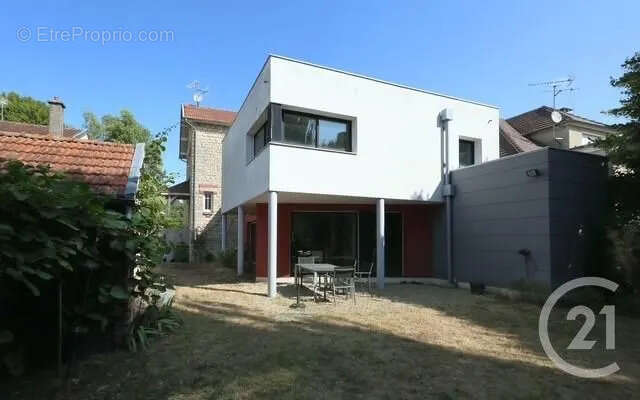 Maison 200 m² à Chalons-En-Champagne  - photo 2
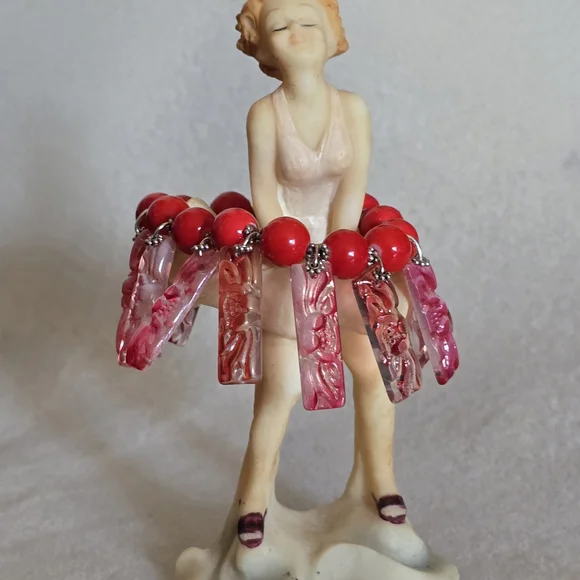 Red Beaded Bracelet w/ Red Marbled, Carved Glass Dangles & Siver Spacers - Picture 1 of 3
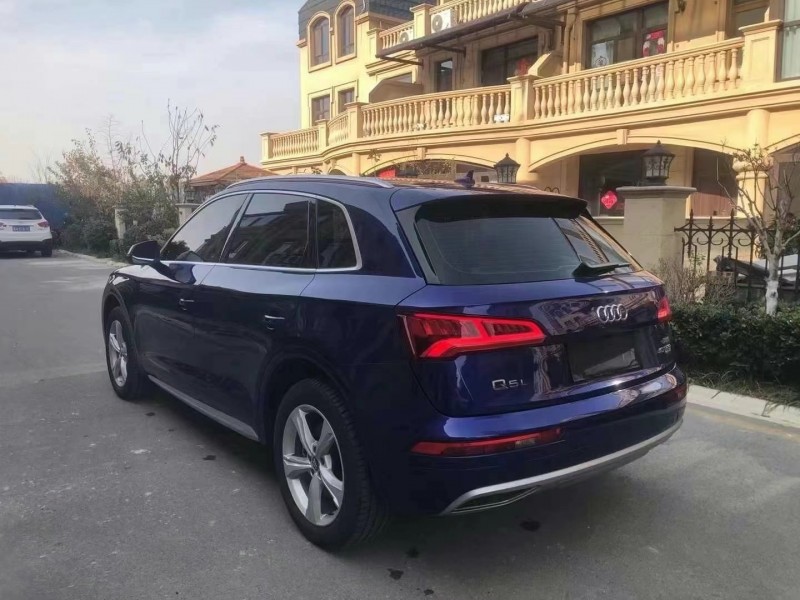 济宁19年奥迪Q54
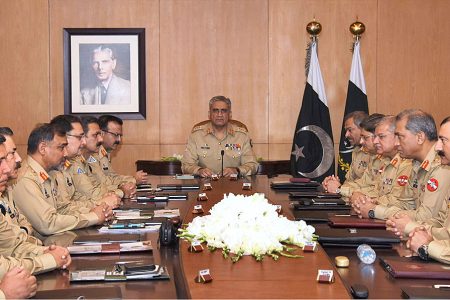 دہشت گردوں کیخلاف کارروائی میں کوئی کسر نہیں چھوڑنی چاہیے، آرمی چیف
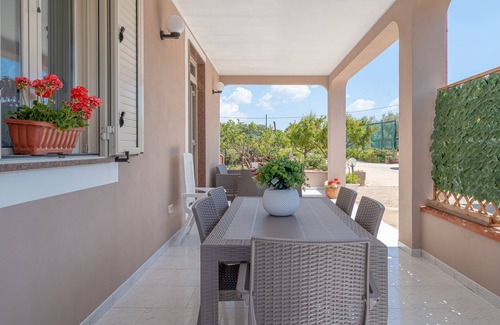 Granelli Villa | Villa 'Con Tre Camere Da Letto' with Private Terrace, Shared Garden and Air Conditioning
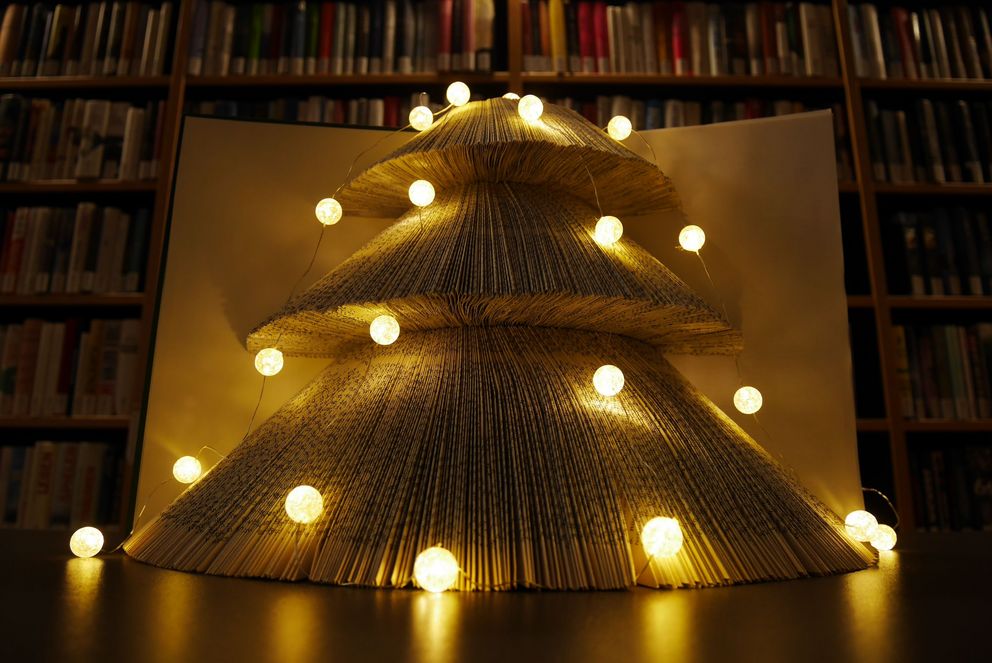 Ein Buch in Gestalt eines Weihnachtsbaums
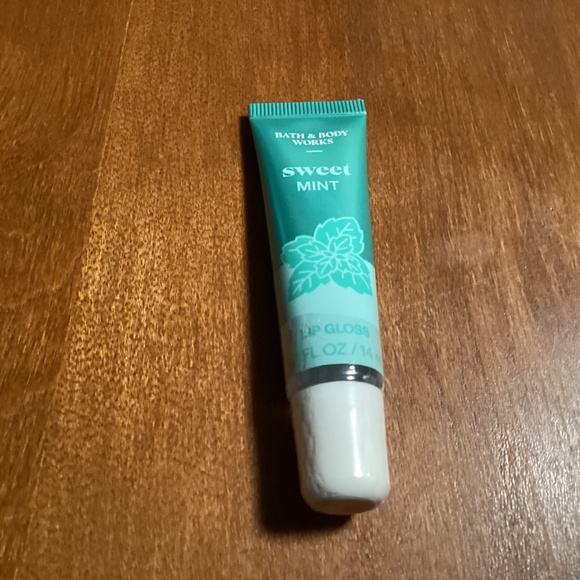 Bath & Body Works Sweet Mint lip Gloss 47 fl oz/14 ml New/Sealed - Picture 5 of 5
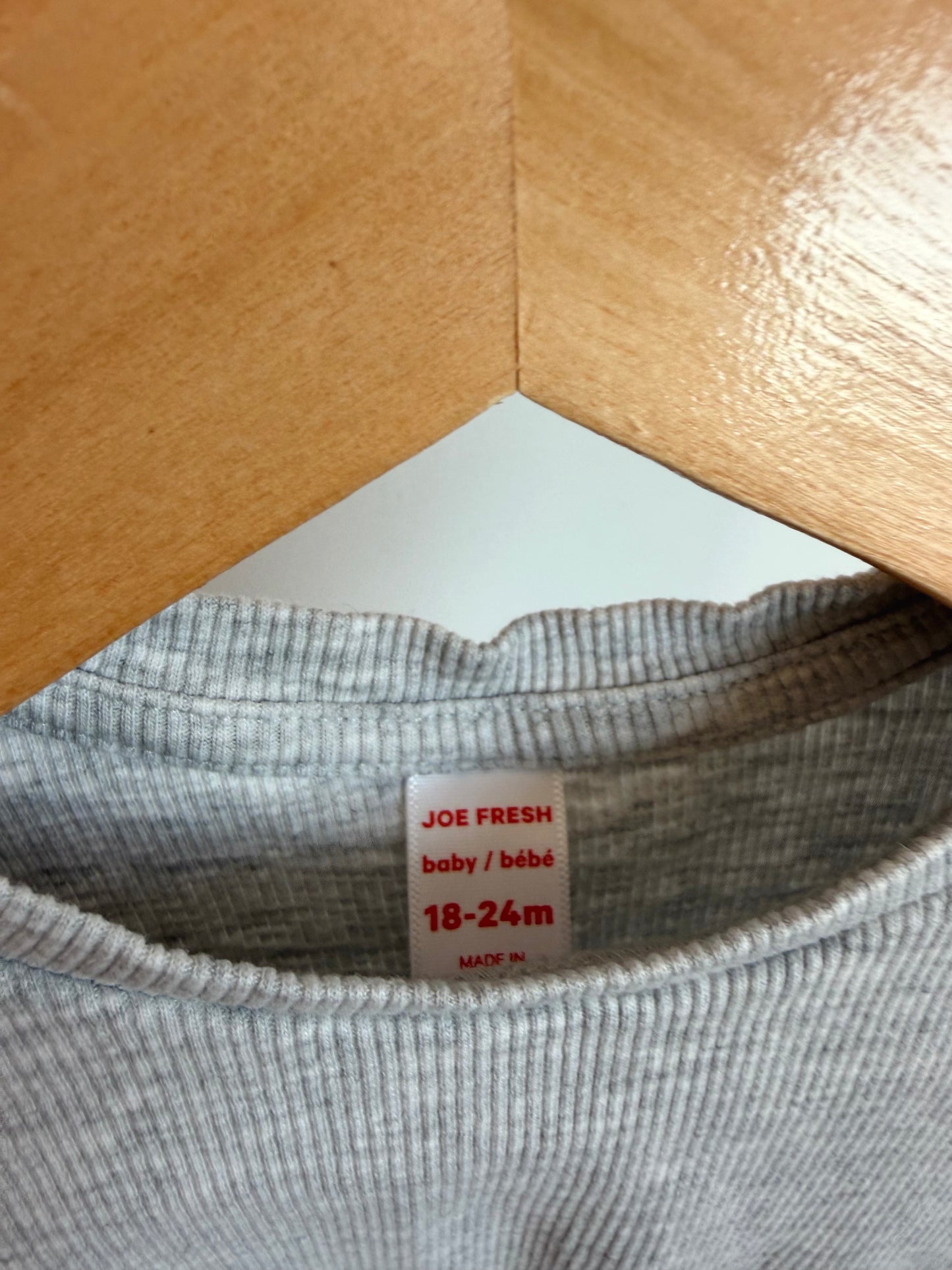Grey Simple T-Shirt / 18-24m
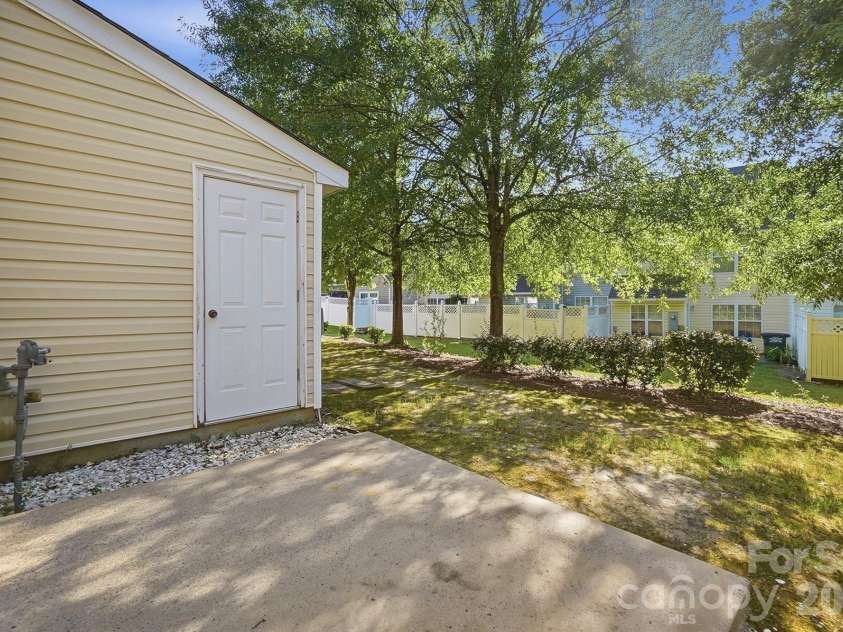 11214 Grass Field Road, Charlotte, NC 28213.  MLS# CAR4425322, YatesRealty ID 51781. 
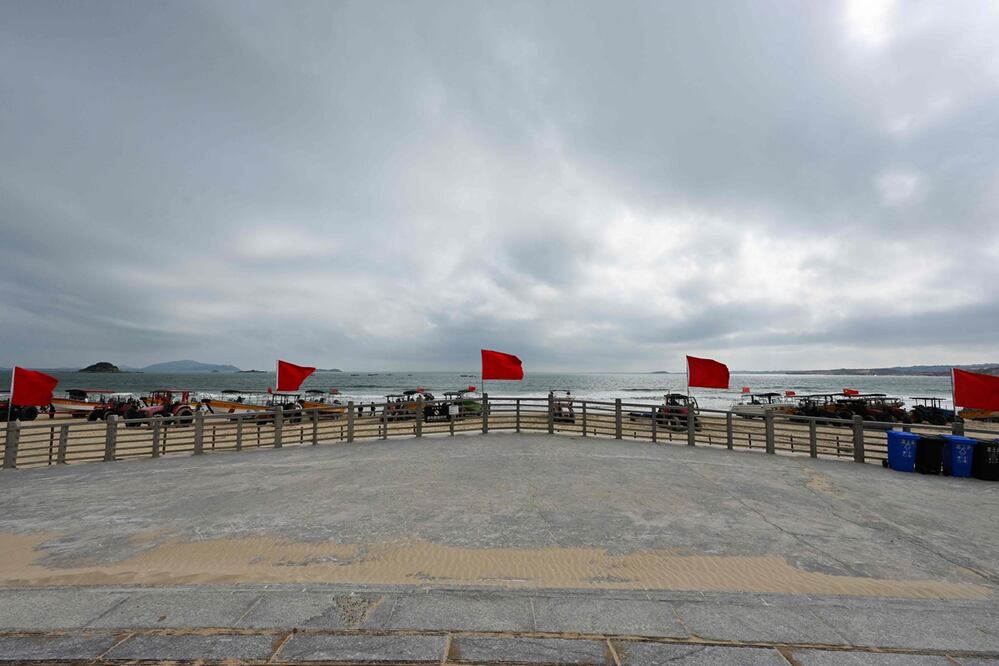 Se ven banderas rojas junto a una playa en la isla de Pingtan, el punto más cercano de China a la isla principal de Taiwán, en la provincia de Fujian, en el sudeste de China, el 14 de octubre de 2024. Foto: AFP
____
**To do**: Return the listing unchanged, but drop every picture.

**Task output**:
 Maison 200 m² à Chalons-En-Champagne  - photo 2
 Red Beaded Bracelet w/ Red Marbled, Carved Glass Dangles & Siver Spacers - Picture 1 of 3
 济宁19年奥迪Q54
 دہشت گردوں کیخلاف کارروائی میں کوئی کسر نہیں چھوڑنی چاہیے، آرمی چیف
 Granelli Villa | Villa 'Con Tre Camere Da Letto' with Private Terrace, Shared Garden and Air Conditioning
 Ein Buch in Gestalt eines Weihnachtsbaums
 Bath & Body Works Sweet Mint lip Gloss 47 fl oz/14 ml New/Sealed - Picture 5 of 5
Grey Simple T-Shirt / 18-24m
 11214 Grass Field Road, Charlotte, NC 28213.  MLS# CAR4425322, YatesRealty ID 51781. 
 Se ven banderas rojas junto a una playa en la isla de Pingtan, el punto más cercano de China a la isla principal de Taiwán, en la provincia de Fujian, en el sudeste de China, el 14 de octubre de 2024. Foto: AFP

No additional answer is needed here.